* _Your instructions_
In the data below, one line contains "Photo of property" and a later one contains "1-bed apartment in". Print both, with every line between them, exactly and alone.

* _Record set_
******
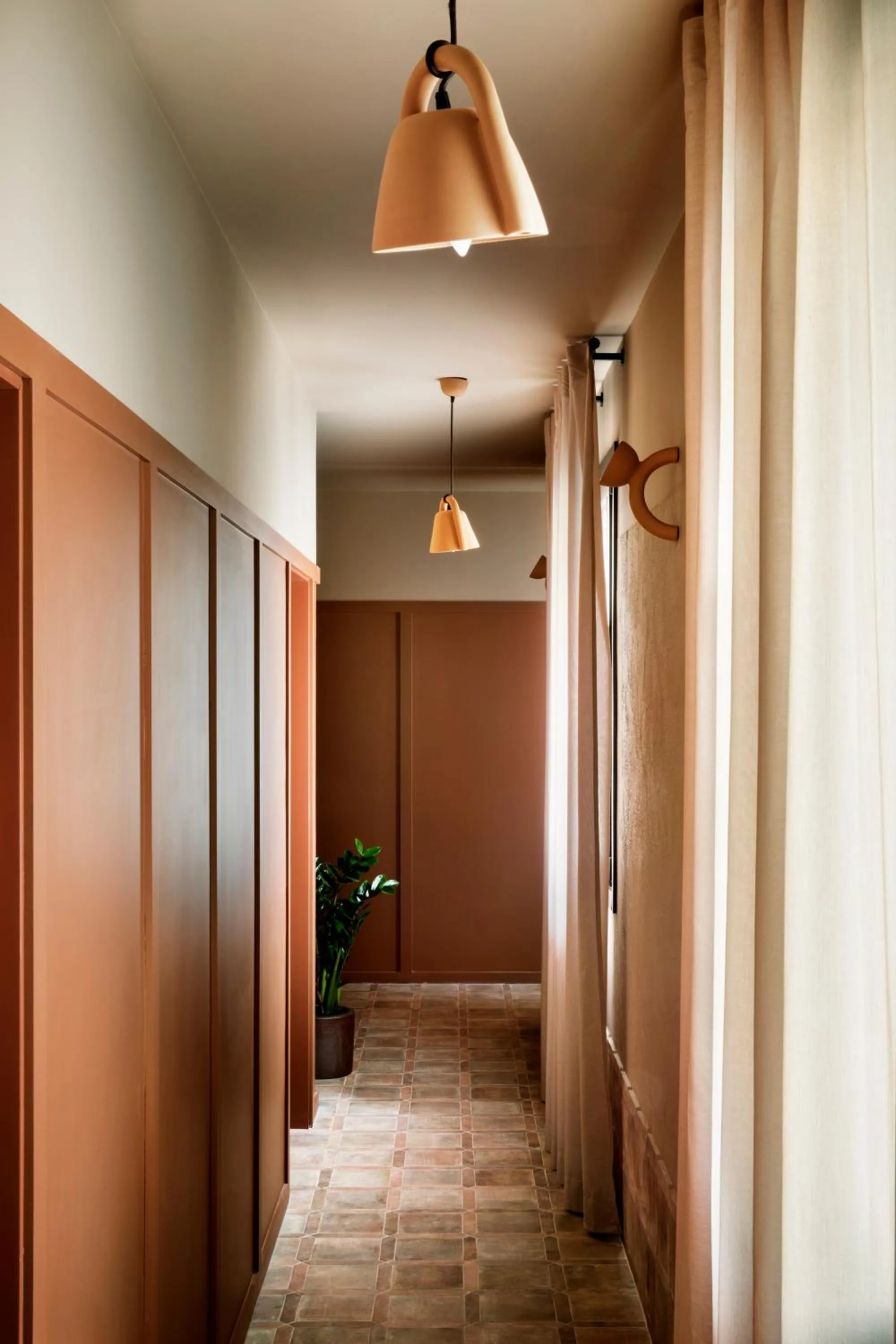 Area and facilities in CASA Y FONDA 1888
******
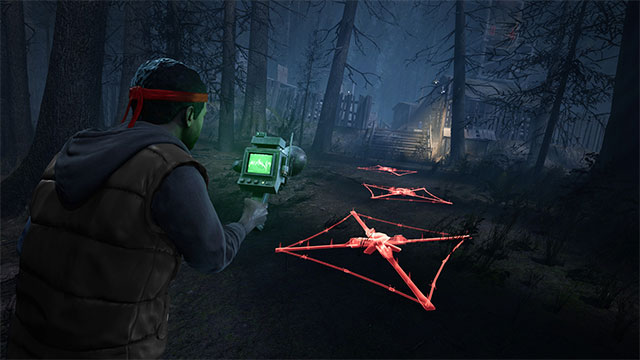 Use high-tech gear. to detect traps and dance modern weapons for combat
******
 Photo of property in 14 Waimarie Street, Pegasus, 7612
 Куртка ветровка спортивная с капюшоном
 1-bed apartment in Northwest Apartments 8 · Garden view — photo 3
******
* _Written solution_
 Photo of property in 14 Waimarie Street, Pegasus, 7612
 Куртка ветровка спортивная с капюшоном
 1-bed apartment in Northwest Apartments 8 · Garden view — photo 3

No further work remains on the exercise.